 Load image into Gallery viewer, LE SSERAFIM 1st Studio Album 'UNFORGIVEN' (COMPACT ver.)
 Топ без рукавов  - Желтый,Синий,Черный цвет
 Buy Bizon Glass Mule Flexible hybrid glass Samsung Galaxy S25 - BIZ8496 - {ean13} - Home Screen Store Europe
---
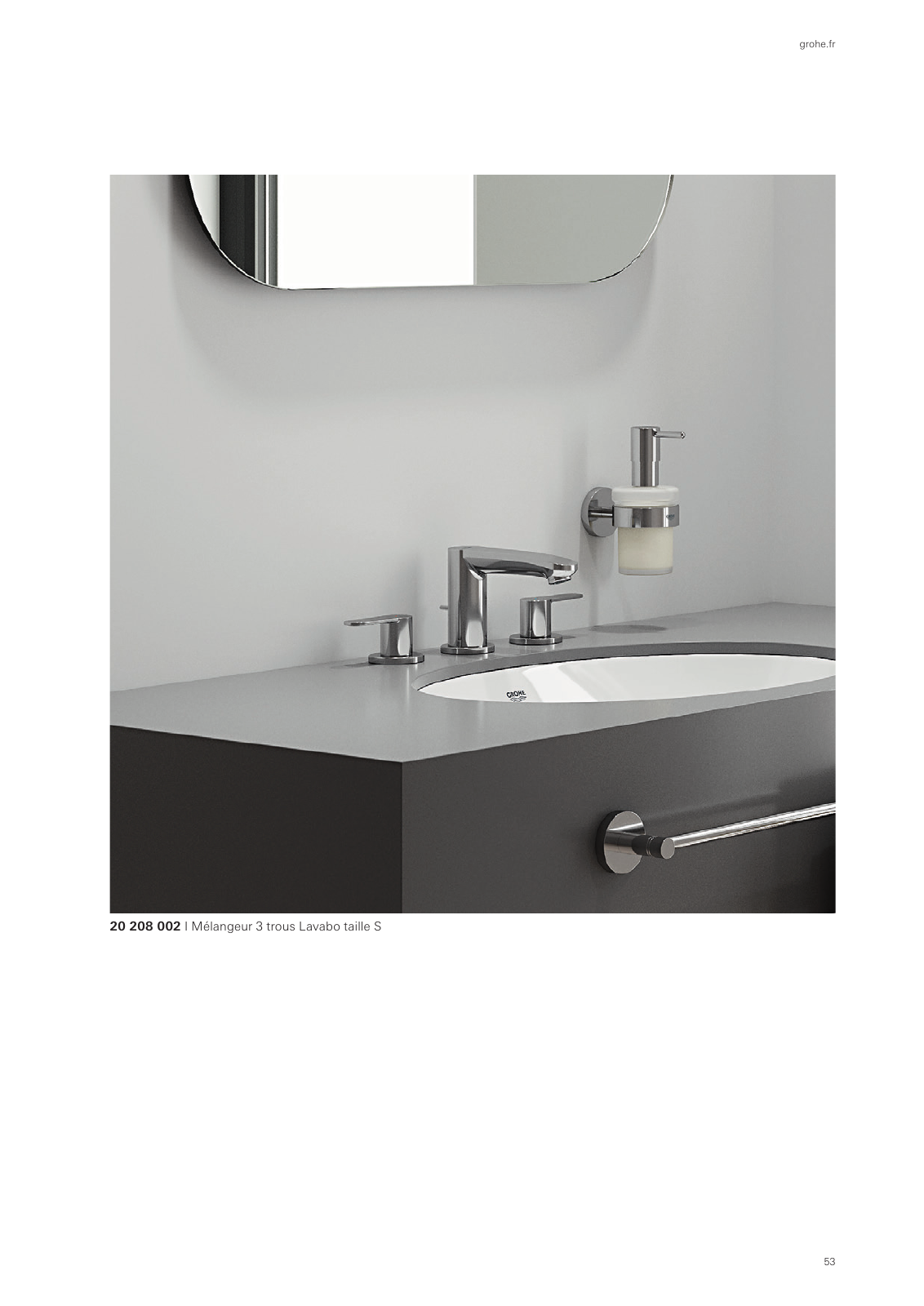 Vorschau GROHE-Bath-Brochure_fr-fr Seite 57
...
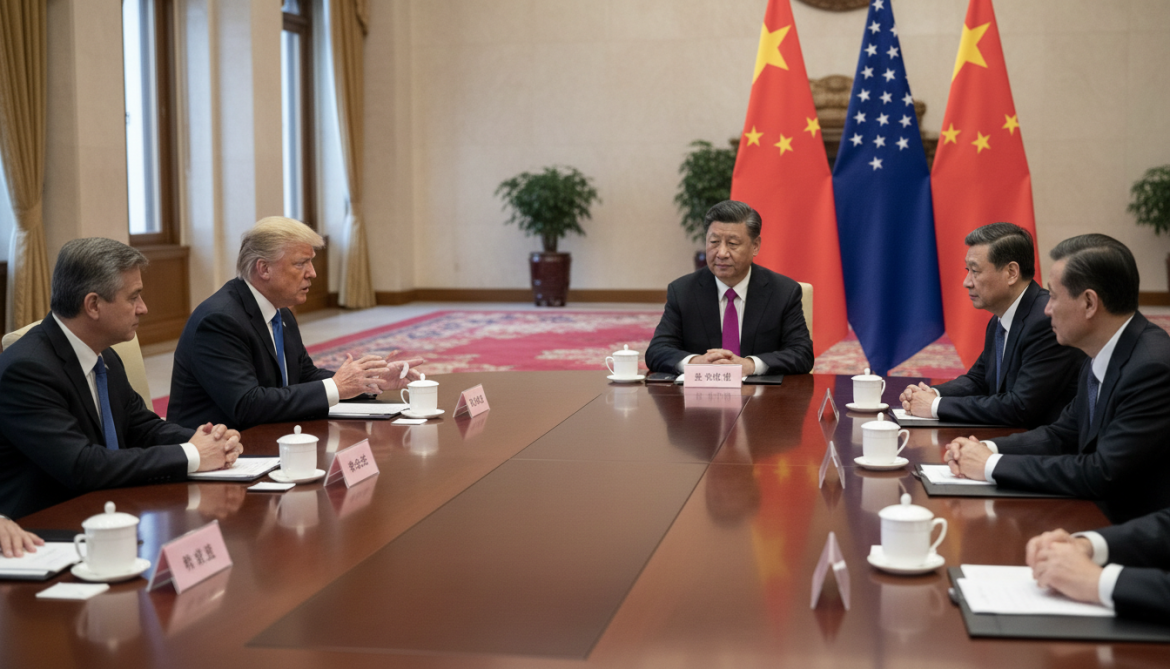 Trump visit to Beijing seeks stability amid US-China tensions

**WHAT YOU SHOULD DO:** The expected answer is an exact copy of the lines above, beginning at the line with "Топ без рукавов" and ending at the line with "Buy Bizon Glass", with both ends in.

**EXERCISE OUTPUT:**
 Топ без рукавов  - Желтый,Синий,Черный цвет
 Buy Bizon Glass Mule Flexible hybrid glass Samsung Galaxy S25 - BIZ8496 - {ean13} - Home Screen Store Europe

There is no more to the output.